Operation Categories And Surface Parity

Status: v0.1 public-surface contract. This document is the user-facing operation contract so the public surface grows by spec, not ad hoc.

primitive-catalog.md — the IR / primitive vocabulary (internal ops). This document sits above it: the user-facing operations and where they are exposed.
supported-ops.md — per-crate status (CPU/CUDA). This document is the contract, not a status snapshot.

Surfaces

Surface	Type	Role
TypedTensor	`TypedTensor<T, R>` (non-AD)	Static/dynamic-rank typed value; the “lightweight array” path
Tensor	`Tensor` (runtime dtype)	Dynamic-dtype value with explicit backend
Eager	`EagerTensor`	PyTorch-style immediate execution + stateful `backward()` plus functional `grad`/`vjp`/`jvp`
Traced	`TracedTensor`	JAX-style traced graph + `grad`/`vjp`/`jvp`

Rank model. TypedTensor<T, R = DynRank> offers Rank<N> (opt-in static rank) and DynRank (default). DynRank is the canonical rank for AD and traced execution (TracedTensor/EagerTensor are rank-erased); do not push const-generic Rank<N> through the AD/traced surfaces. This is current design intent, not a frozen contract.

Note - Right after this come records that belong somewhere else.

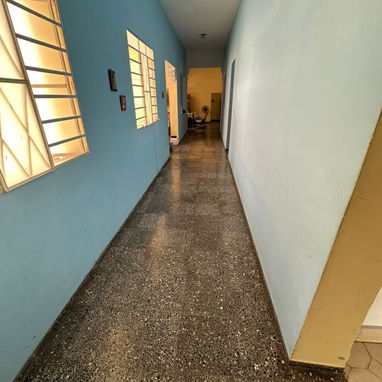 ✨🏡 VENTA DE PROPIEDAD – PLAYA, REPARTO LA SIERRA ,Ampliación Almendares ( junto a Miramar) ✨ - Img 123915628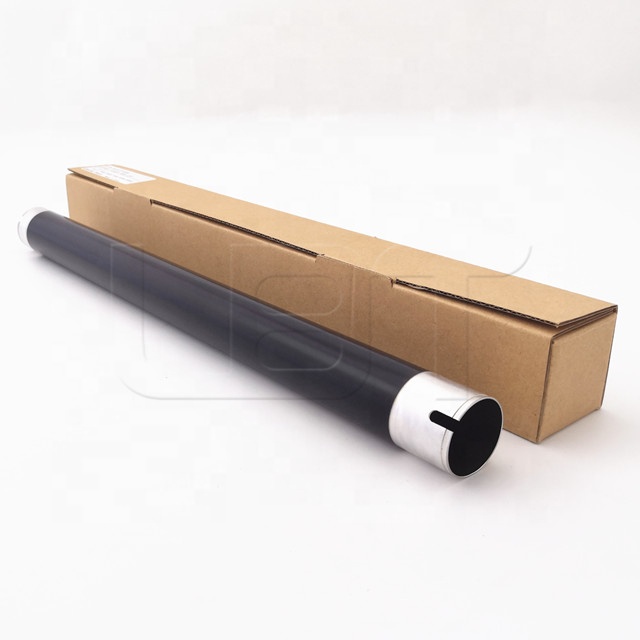 Верхний ролик 6LK721000 для Toshiba E-Studio 2008A 2508A 3008A 3508A 4508A 5008A 3008AG 3508AG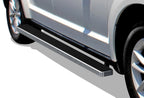 5-Inch Running Boards for Dodge Journey (2009–2020)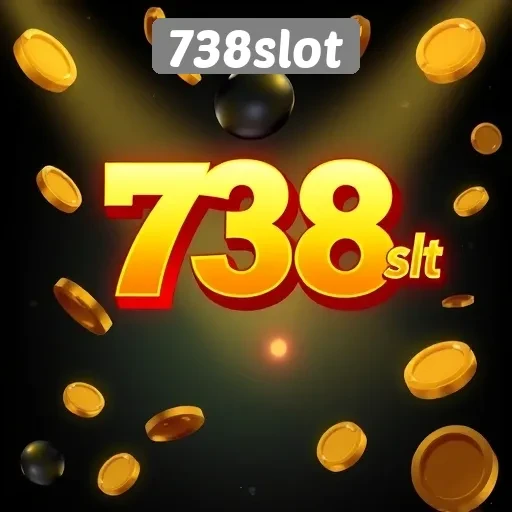 Mengenal Situs Game 738slot dan Keunggulannya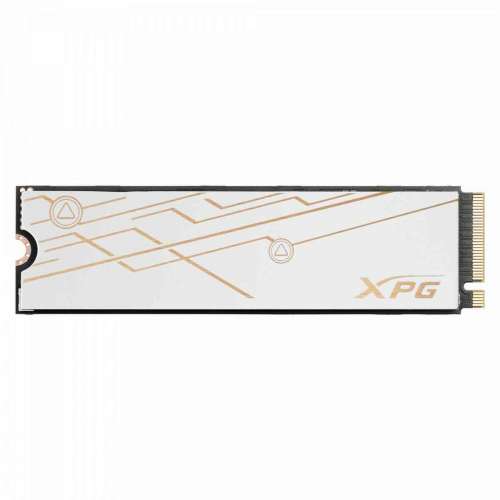 ADATA XPG MARS 980 BLADE 2TB PCIe 5.0 x4 M.2 SSD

API style. Core AD operations on EagerTensor and TracedTensor are methods or associated functions, not module free functions. Single-output operations use methods (x.exp(), x.matmul(&y), x.gather(&idx, config)); operations with no natural receiver use associated functions (TracedTensor::concatenate(...), EagerTensor::where_select(...)). Non-AD concrete operations use backend-explicit crate-root extension traits (TensorOpsExt, TypedTensorOpsExt, and TypedTensorMaskOpsExt) because Tensor and TypedTensor are owned by tenferro-tensor, not tenferro-runtime. Extension families likewise use crate-root extension traits because Rust does not let extension crates add inherent methods to external tensor types: linalg/FFT are tensor receiver methods, eager einsum is an input slice/array method, and traced einsum is a GraphCompiler method.

Parity rule (the core of the contract): every operation in the Elementwise, Reductions, Shape/structural, and Indexing categories must be exposed on both Eager and Traced. “Exists on Eager but not Traced” (or vice versa) is a spec violation, to be caught by scripts/check-operation-categories.py.

Legend: ✅ exposed today (verified) · ⬜ required by this contract, currently missing (gap to implement) · · audit pending · — not applicable by design · (ext) provided by an extension crate.

1. Construction

Operation	TypedTensor	Tensor	Eager	Traced
`zeros` / `ones`	✅	·	(`constant_from`)	·
`full`	·	·	·	·
`from_vec_col_major`	✅	✅	(`constant_from`/`variable_from`)	✅
`arange`	·	·	—	—
`eye` / `identity`	·	·	·	·

2. Elementwise — arithmetic, comparison, selection

Operation	Eager	Traced	Notes
`add` `sub` `mul` `div` `neg`	✅	✅
`abs` `sign`	✅	✅
`conj`	✅	✅	complex
`pow`	✅	✅
`compare(dir)`	✅	✅	produces `Bool`
`select` / `where_select`	✅	✅	associated function
`clamp`	✅	✅
`maximum` `minimum`	✅	✅

3. Elementwise — analytic (ufunc catalog)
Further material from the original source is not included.